O líder do Democratas (DEM), Antonio Carlos Júnior (BA), acredita que não deve haver problemas na votação das MPs, uma vez que são praticamente consensuais. Entretanto, ele ressalvou que só depois da reunião da bancada, na terça-feira, é que o partido fechará uma posição a ser deliberada com Sarney e os demais líderes.

O parlamentar, que não é candidato a mais oito anos no Senado, mas está envolvido com a campanha em seu estado, é um dos que defendem uma solução de consenso entre os líderes para votar o mais rápido possível o que for acordado. Para ele, por não necessitarem de maioria absoluta, as quatro medidas provisórias poderiam ser aprovadas em votação simbólica na terça-feira, o que garantiria mais um dia de campanha aos senadores envolvidos nas eleições estaduais.

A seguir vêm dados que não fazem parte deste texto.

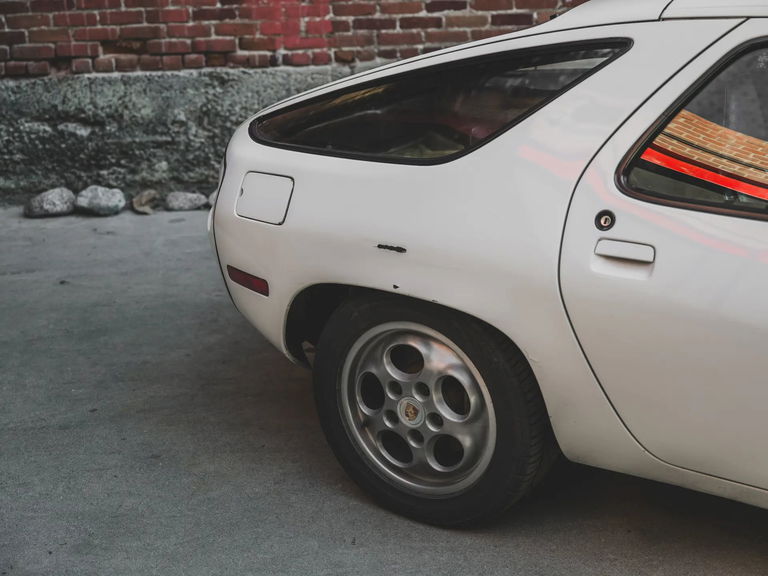 Porsche 928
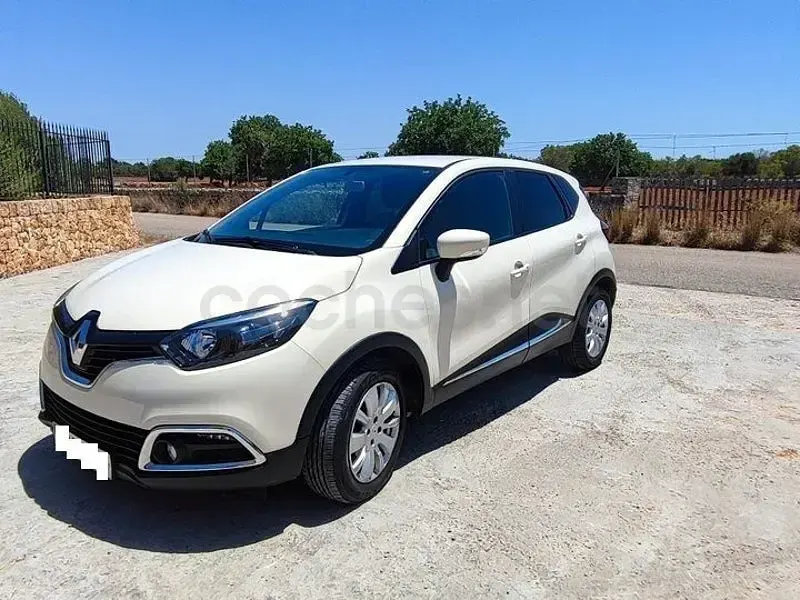 Usado Renault Captur Intens 90 CV (66 kW) 2014 Beige SUV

Ele defende que as PECs sejam analisadas na quarta-feira, quando mais senadores deverão estar em em Brasília, o que dará quórum para votação. As propostas de emenda à Constituição exigem quórum qualificado para serem aprovadas, no caso do Senado, pelo menos 49 dos 81 senadores.

“A princípio eu não vejo problemas para isso. Votaríamos as MPs na terça e as PECs na quarta. O sensato seria isso”, disse o líder do DEM.

O vice-líder do governo no Senado e líder do PTB, Gim Argello (DF), afirmou que os governistas estarão “em massa” no plenário para garantir a votação das matérias. Ele disse ainda que existem algumas demandas de senadores da base para a inclusão de projetos na pré-pauta encaminhada por Sarney aos líderes.

“Temos ainda que votar indicações que estão pendentes de aprovação de cinco autoridades [indicadas pelo presidente Luiz Inácio Lula da Silva para ocupar cargos] e essas votações dependem de quórum qualificado. Quero aprovar isso na terça-feira”, acrescentou o vice-líder do governo.

O petista gaúcho Paulo Paim, que concorre à renovação de mandato, é outro que defende a apreciação das propostas previstas para o primeiro esforço concentrado em pouco tempo. “Nosso problema é estar em Brasília para votar e no estado, uma vez que nossos concorrentes estão soltos [sem mandato].”

Ele ressaltou, no entanto, que todos os senadores têm que ter a consciência de estar na capital federal na próxima semana para votar as matérias de comissões e plenário, uma vez que já existe o recesso branco no segundo semestre que os libera para as campanhas nos estados.